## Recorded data
- - - - -

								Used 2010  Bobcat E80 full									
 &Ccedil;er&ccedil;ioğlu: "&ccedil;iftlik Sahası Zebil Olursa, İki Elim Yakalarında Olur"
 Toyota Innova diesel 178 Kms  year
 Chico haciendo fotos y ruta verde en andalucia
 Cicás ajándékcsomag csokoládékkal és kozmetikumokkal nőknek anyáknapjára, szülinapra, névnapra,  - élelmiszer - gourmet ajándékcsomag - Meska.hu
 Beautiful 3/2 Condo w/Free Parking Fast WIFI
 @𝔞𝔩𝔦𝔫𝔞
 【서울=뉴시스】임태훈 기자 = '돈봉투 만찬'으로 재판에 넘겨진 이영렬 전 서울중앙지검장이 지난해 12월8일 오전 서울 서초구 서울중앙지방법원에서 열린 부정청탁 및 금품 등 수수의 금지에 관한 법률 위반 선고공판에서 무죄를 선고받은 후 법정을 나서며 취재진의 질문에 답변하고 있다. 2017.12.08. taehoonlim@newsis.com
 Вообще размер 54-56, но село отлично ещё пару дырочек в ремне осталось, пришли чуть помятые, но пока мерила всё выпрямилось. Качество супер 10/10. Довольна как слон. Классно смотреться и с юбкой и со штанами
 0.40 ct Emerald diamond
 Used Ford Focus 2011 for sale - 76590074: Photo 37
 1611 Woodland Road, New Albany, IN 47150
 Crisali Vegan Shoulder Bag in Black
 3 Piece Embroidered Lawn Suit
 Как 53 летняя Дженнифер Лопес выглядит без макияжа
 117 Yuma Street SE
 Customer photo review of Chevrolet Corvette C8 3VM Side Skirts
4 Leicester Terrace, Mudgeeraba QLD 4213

- - - - -

## What this task involves
Reply with a number alone, the number of lines of the records that hold the word "Used".

## Response
2